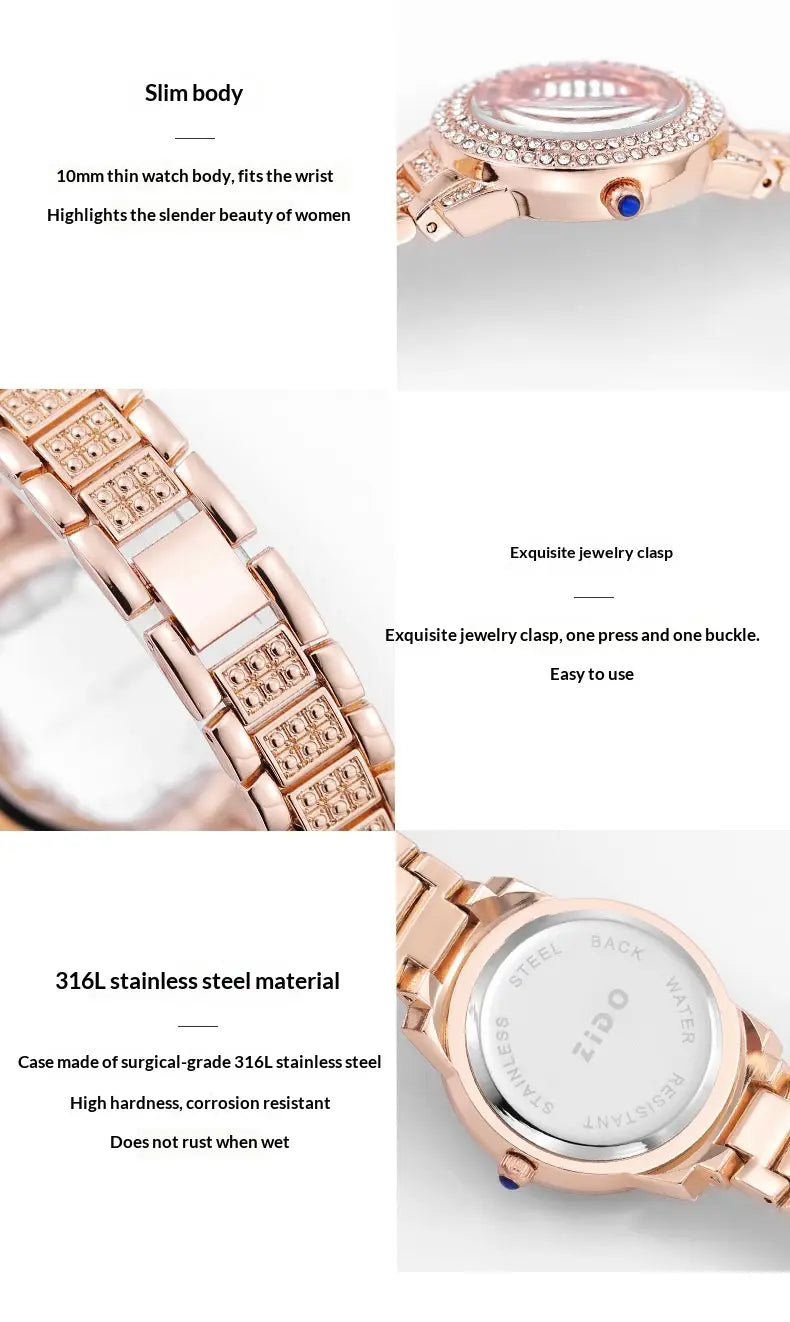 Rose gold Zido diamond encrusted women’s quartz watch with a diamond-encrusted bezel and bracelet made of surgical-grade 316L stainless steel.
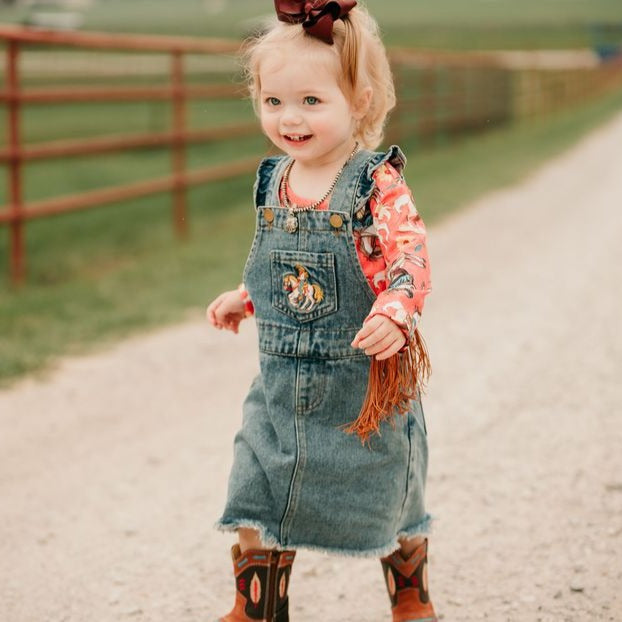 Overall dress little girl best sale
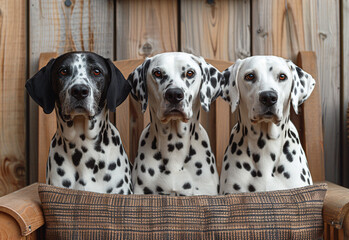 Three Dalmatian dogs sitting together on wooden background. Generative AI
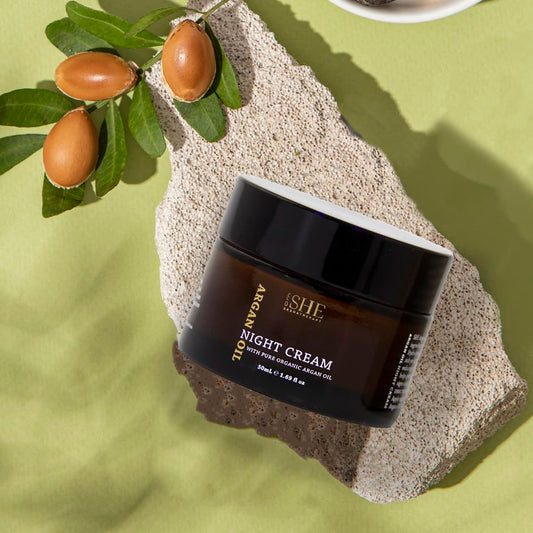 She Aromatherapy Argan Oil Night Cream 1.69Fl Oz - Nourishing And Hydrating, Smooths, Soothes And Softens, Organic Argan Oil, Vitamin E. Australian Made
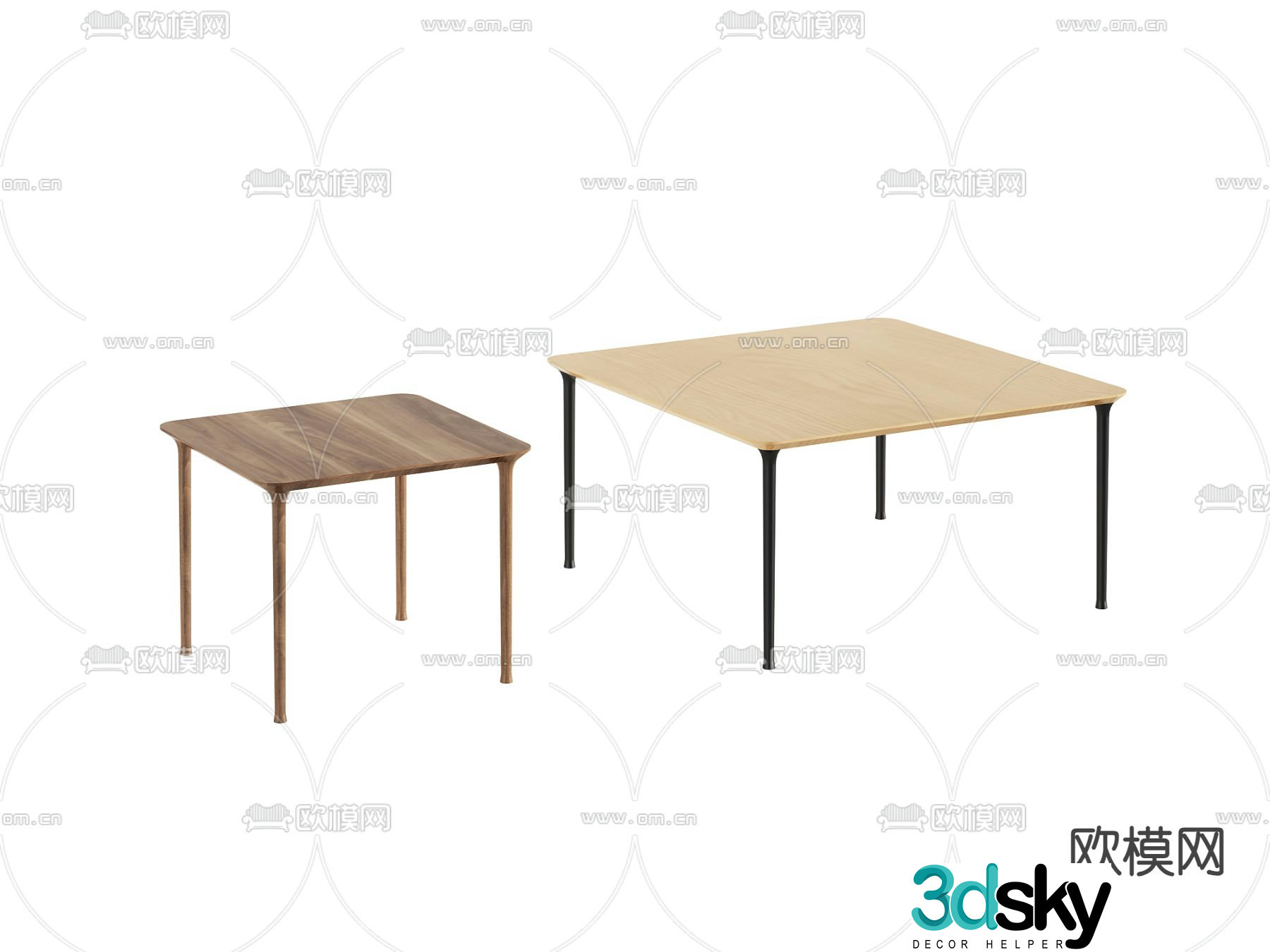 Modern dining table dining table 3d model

• • • •

**TASK REQUIREMENTS**. Copy out all the data without changing anything, and drop the pictures.

**SOLUTION**.
 Rose gold Zido diamond encrusted women’s quartz watch with a diamond-encrusted bezel and bracelet made of surgical-grade 316L stainless steel.
 Overall dress little girl best sale
 Three Dalmatian dogs sitting together on wooden background. Generative AI
 She Aromatherapy Argan Oil Night Cream 1.69Fl Oz - Nourishing And Hydrating, Smooths, Soothes And Softens, Organic Argan Oil, Vitamin E. Australian Made
 Modern dining table dining table 3d model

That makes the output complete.